As Eric Mazur comments “You don’t learn to play piano by watching someone else play” in his presentation about using peer instruction in physics courses. If we want the knowledge and skills we teach to be used later rather than wasting 30+ hours, learning needs to occur.
Instructors can be effective role models and offer students the opportunity to observe a master at work. A useful approach to teaching a process when accompanied by explicit description of the choices, rationale, solution steps and other metacognitive knowledge, particularly when involving dangerous procedures requiring expert skill for safety reasons. Such metacognitive pieces are key for students to see why a particular formula was used, and the pre-empting the common question of “where did you get 4 from?” when a step is skipped. Students can even be asked what the next step should be, or what the best approach to take given the information so far; although instructors facing mortal danger should be willing to challenge and explain rather than demonstrate what happens if enacting problematic suggestions.
However, there is something curious about having the individual who needs the least amount of practice doing the work while a room full of novices watch. So why might novices benefit from participatory learning within the BOPPPS model:
Repetition for Memory Formation
Practicing skills involves shifting from abstract ideas into specific procedural knowledge, while repetition of concepts related to knowledge learning outcomes forms stronger memories. Working through several contextual examples also stretches our conceptions and strengthens links the current learning with other procedural and declarative memories.
Variation for Transfer of Learning
The practical question of why we bother to teach is often answered by a refrain that students will need to know this material for use later in the program (4th year project or course 4XX) or when they… are professionals in the field. We do not teach so that students can simply solve problems the textbook. We are aiming for a transfer of learning, where students can apply skills and knowledge learned within one situation to another situation (e.g., Perkins & Salomon, 1992). This transfer can occur to contexts that either closely resembles the current situation such as solving problems in another class (termed “near transfer”) or to a very different situation or context such as research project or professional scenario (termed “far transfer”). Zack Williamson and Julie Schell from the University of Texas Austin provide a overview of near and far as well as what it means to take these low and high roads! How widely do we want our students to be able to apply these skills and knowledge?
Intervention for Preventing the Solidification of Misinformation
Lecture may convey the information and steps, but without practice I do not get to see what misinterpretations or gaps remain in students’ knowledge when they try to implement the lesson.
Having student work on selecting a statistical test during our time together means they can ask about uneven samples, I can catch misidentification of data type as categorical, or skipping assumption testing, and I can identify common gaps across students and quickly address with just-in-time feedback and instruction.

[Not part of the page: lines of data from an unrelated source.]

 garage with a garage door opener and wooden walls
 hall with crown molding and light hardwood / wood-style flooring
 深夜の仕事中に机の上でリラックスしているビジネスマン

Giving time in-class, saves me and the students time overall compared to the lecture-only approach – something I realized after marking end-of-week assignments where multiple students make simple errors that required noting, tracking and highlighting common errors back to the student, followed by helping students unlearn these problematic misunderstandings that were engrained through repetition during the assignment and were already interfering with learning the next week’s content.
Instead, I and the students catch the errors early and quickly. Assignments show fewer simple errors and can be more complex if challenge is required.
Drawing on Prior Knowledge & My Expertise in Engaging Ways:
Active participatory learning values student’s prior knowledge, makes use of that prior knowledge saving time spent bringing everyone up to the same level, increases the meaningful effort done by students, and draws on their motivations when problems are of interest to them, and tempts them into seeing themselves as members in my discipline.
I like to think I can lecture reasonably well, but I know where I excel is detecting patterns that show where students collectively or individually struggle. If I lecture, I do not get to use my hard-earned and flexible expert knowledge to explain the nuanced considerations that occur when selecting a statistics analysis or determining the data type. While facilitation is not easy, it is less repetitive (an more intriguing) than marching individuals through with explicit directions for each step. Lastly, having them talk more and me less means a less dry mouth.